Tutta la migliore poesia dei Greci fu prodotta prima dell’inizio del quarto secolo; e, con l’eccezione della storiografia, tutta la loro migliore prosa risale a dopo quella data (questa è solo una datazione approssimativa. La produttività di Aristofane continuò un po’ più a lungo; e d’altra parte Antiplion, un eminente oratore attico, visse un po’ prima). Abbiamo quindi tre grandi generi di prosa greca – storiografia, oratoria e filosofia.
Storia: Senofonte
Il principale storico di quest’epoca le cui opere sono sopravvissute fino ai nostri tempi è Senofonte. Di lui abbiamo già parlato a proposito della “Età di Pericle”. Sebbene egli non fosse propriamente un contemporaneo di Pericle, vive e cresce in un ambiente storico-sociale e culturale che sarebbe impensabile senza tener presente il grande statista ateniese. D’altro canto, poiché è testimone diretto della decadenza della democrazia ateniese (fu discepolo di Socrate e lasciò testimonianze del suo insegnamento e del suo processo), è giusto, e forse più opportuno, considerare la sua figura anche in questa sede.

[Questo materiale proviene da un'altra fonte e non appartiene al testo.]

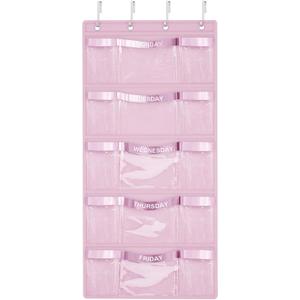 VERONLY Weekly Hanging Closet Organizer for Kids,Day of Week Kids Clothes Organizer,School Clothing Storage Monday to Friday Hanging Closet Organizer Shelves for Bedroom,Bathroom,Dorm (Pink)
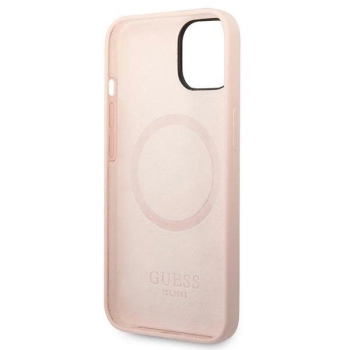 Etui Guess Silicone Logo Plate MagSafe na iPhone 14 Plus - różowe
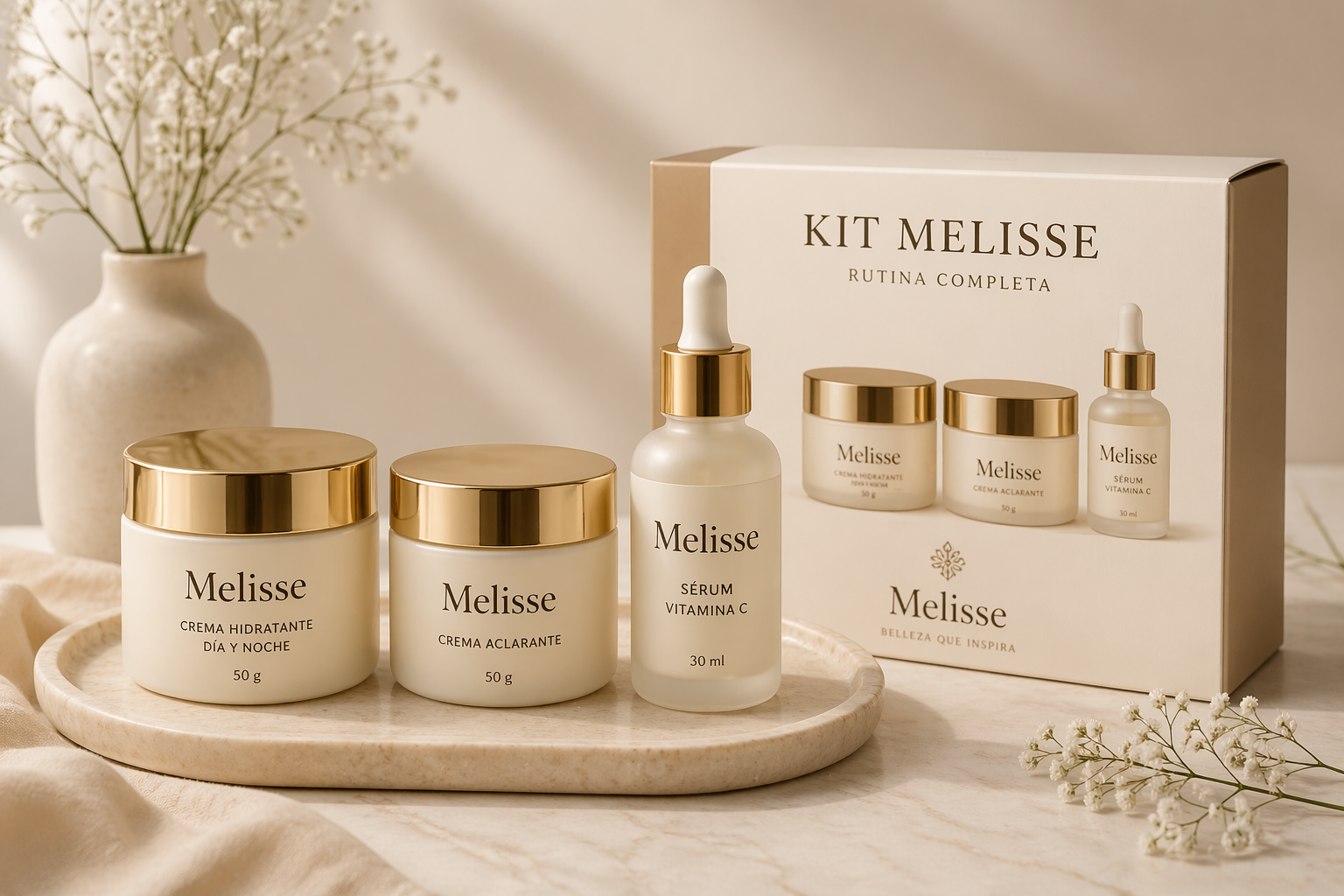 Kit Melisse con los tres productos de la rutina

Egli era un ateniese che ricevette, come abbiamo appena detto, la sua educazione alla scuola di Socrate e poi si arruolò nelle truppe del sovrano persiano Ciro il Giovane, nella sua spedizione asiatica. Nello stile risulta essere meno affascinante di Erodoto e nei pensieri meno profondo di Tucidide. La sua Anabasi, già citata, non solo racconta in modo interessante un grande evento, ma ci dice anche molto del carattere dei Greci e della loro organizzazione e tattica militare. Le sue Memorie di Socrate ci restituiscono il carattere e gli insegnamenti di quel filosofo dal punto di vista di un uomo semplice e pratico.
Le Elleniche, una continuazione della Storia della Guerra del Peloponneso di Tucidide, copre il periodo dal 411 a.C. alla battaglia di Mantinea. Sebbene sia eccessivamente favorevole a Sparta, è l’unica trattazione storica continua del periodo trattato e quindi è per noi molto preziosa. Scrisse su una gran varietà di altri argomenti, come la caccia, l’equitazione, l’economia ateniese e la costituzione lacedemone. Le sue opere sono una importante testimonianza dello stato delle conoscenze nei tempi in cui visse. Soldato di ventura e uomo pratico di mondo, Senofonte era dotato di grande umanità, di una forte personalità e di una simpatia che ne fanno un illustre rappresentante della sua epoca.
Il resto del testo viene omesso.